Today's topic: How far should you push back on an IRS assessment? There is no hard and fast rule, but there are guidelines. If the assessment is small, it could cost more to fight than to pay. In my opinion, cutting off your nose to spite your face is foolish and a waste of time. This is the first consideration when dealing with an IRS assessment.
When the assessment is meaningful, you have a tough decision to make. If the assessment is due to an audit, appeals is your first defense. Every audit in my office ends up in appeals if the IRS assesses additional taxes, unless it is really small. Auditors look at verifiable facts only. They will deny any deduction due to lost receipts, etc. In most cases, it all comes back in appeals. Even if you played fast and loose, appeals frequently reduces the assessment, depending on the circumstances.

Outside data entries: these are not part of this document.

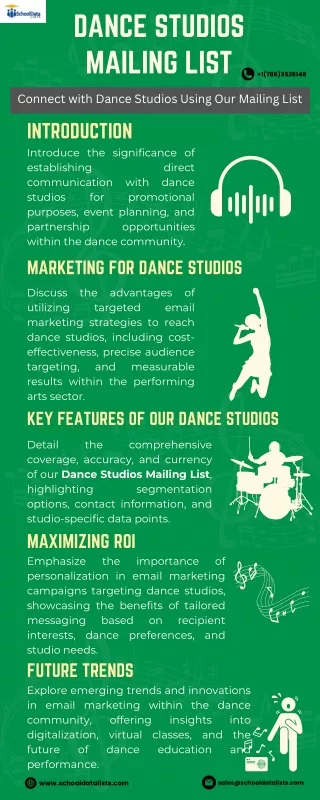 Dance Studios Mailing List by SchoolDataLists
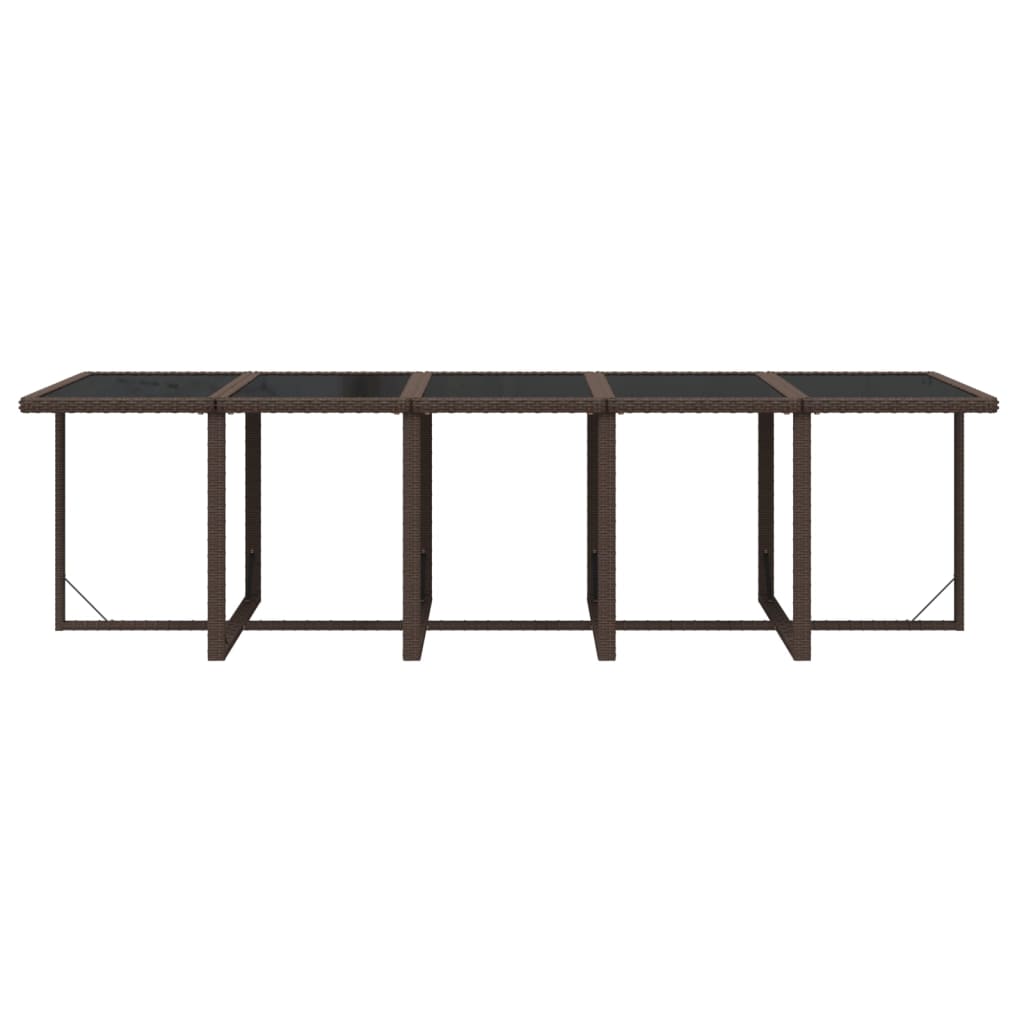 Set da Pranzo Giardino 15 pz con Cuscini in Polyrattan Marrone 3095594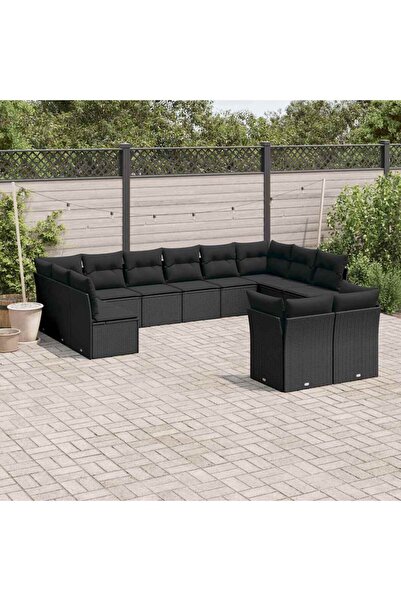 vidaxl Garden sofa set, 12 pieces, with cushions, black, polyrattan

Appeals usually gives you about as much as you'll get in tax court. However, if they don't give that much, file with the tax court. The IRS has people that will work hard to get you off the tax court calendar. Be reasonable when filing, but don't rule out this powerful tool.

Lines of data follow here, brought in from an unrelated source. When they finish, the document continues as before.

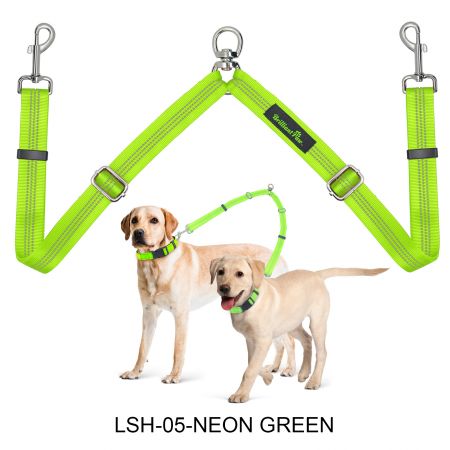 Accoppiatore per guinzaglio doppio per cani di taglia grande.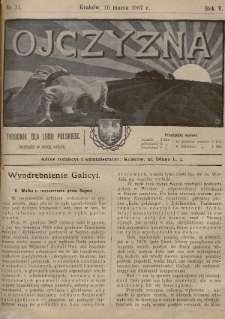 Ojczyzna : tygodnik dla ludu polskiego. 1907, nr 11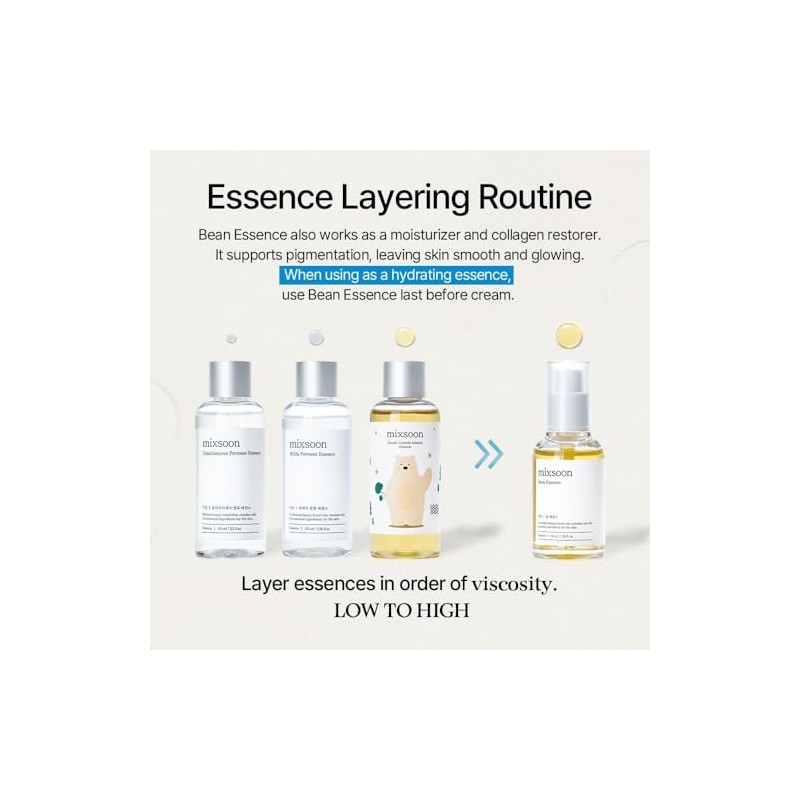 Bean Essence – Exfoliante líquido suave para piel de cristal,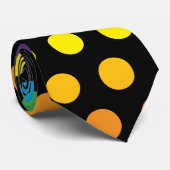 Rainbow Pois Clown Funny Black Cravate (Roulé)
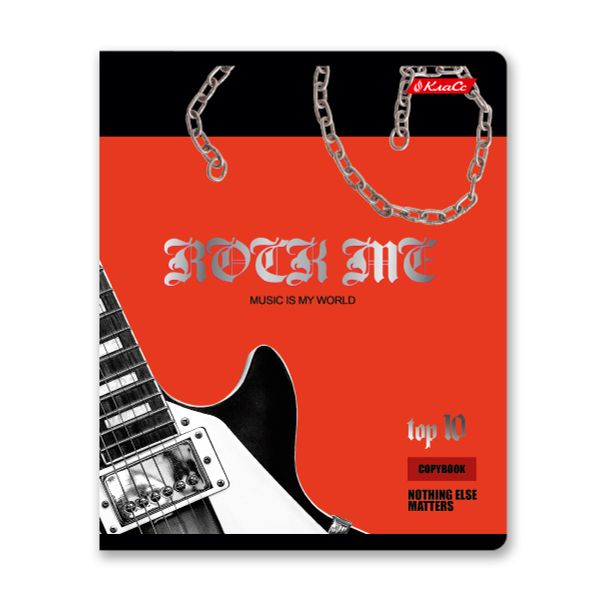 Тетрадь ученическая общая, матовая ламинация + тиснение серебряной фольгой, A5+ 48 л. на скобе 65 г/м², белизна 100%, 10 шт, клетка в термоусадочной пленке, 000728 Рок-музыка, Светоч 48ТЕТк-007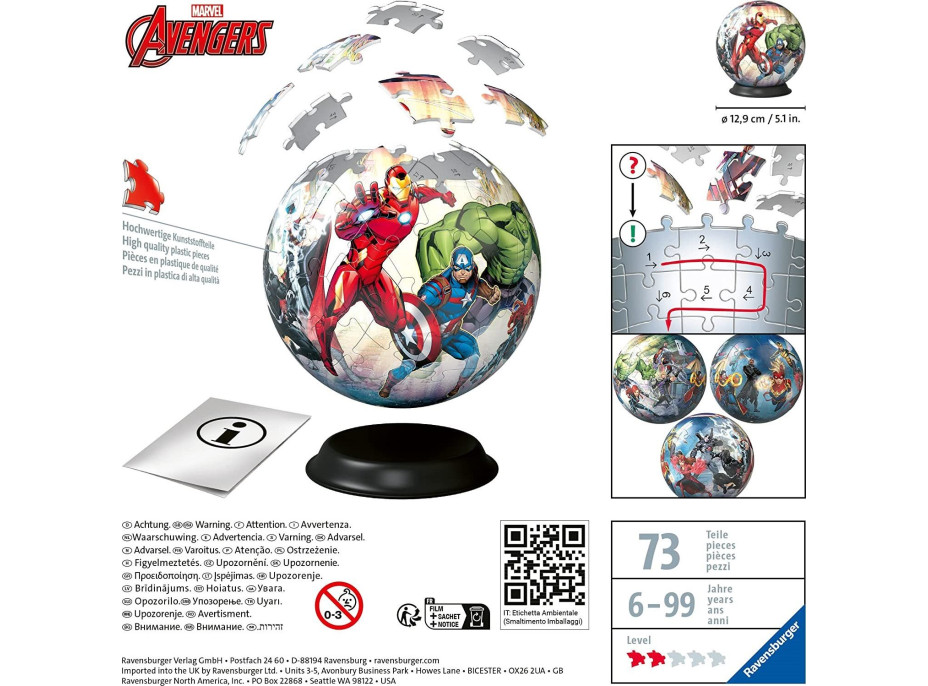 RAVENSBURGER Puzzleball Marvel: Avengers 73 dielikov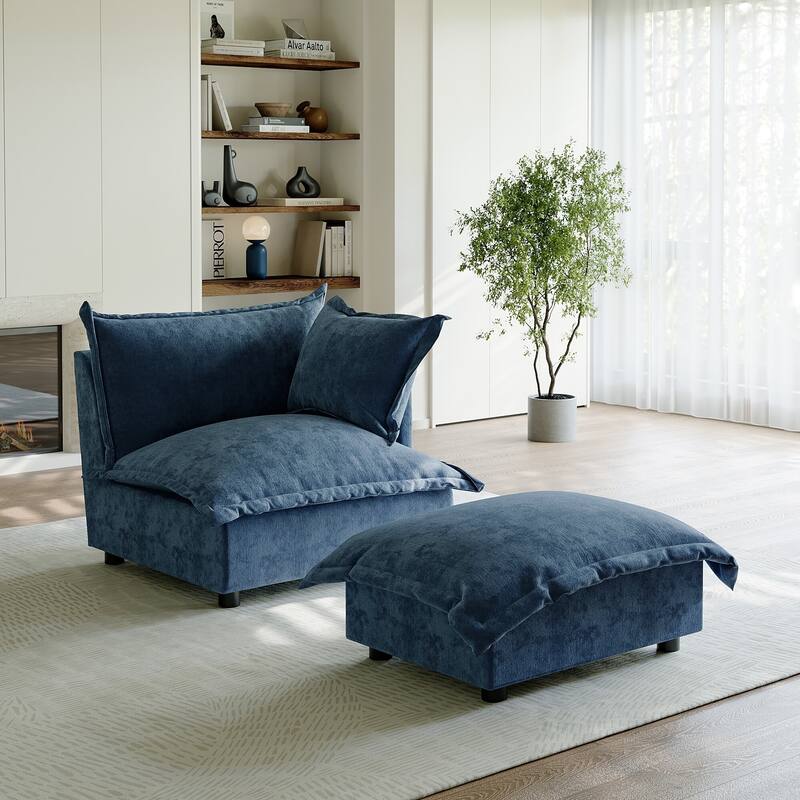 Casual 40"W Oversized Soft Comfy Cloud Chenille Chaise Lounge with Ottoman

Sometimes it makes sense to file for abatement. If a large part of the assessment is penalties, abatement can help. Unfortunately, it is an all or none proposition; you either get full abatement or none. Fortunately, a lot of abatement requests are granted.
A Due Process Hearing is another option if you feel the IRS took an incorrect position. This requires its own post at a future date. Stay tuned.
And, of course, the Offer in Compromise. You see the ads on TV about IRS debt; that is what they are talking about. I recommend a competent local accountant instead of the TV guys. The TV guys charge a lot, tell you the offer will fly when they haven't followed the formula the IRS will accept, and have a low success rate. Your friendly accountant should have experience in Offers in Compromise and should have a reasonable fee.
It must be noted that federal taxes due have a statute of limitation of 10 years. That means the IRS gets 10 years to swing at you after you file your tax return or the due date of the return, whichever is later. If you own real estate, the IRS will attach it and the statute is less a tool for you.
The Offer in Compromise, tax court filings, and Due Process Hearings stop the statute of limitation clock while your request is considered. If you are approaching the 10 years and don't own real estate, you may wish to sit tight for the tax to expire instead. The clock restarts after the IRS rules on your request.
It is a good idea to get an experienced accountant on your side when dealing with these issues. At least now you can discuss your options with your accountant from a position of knowledge.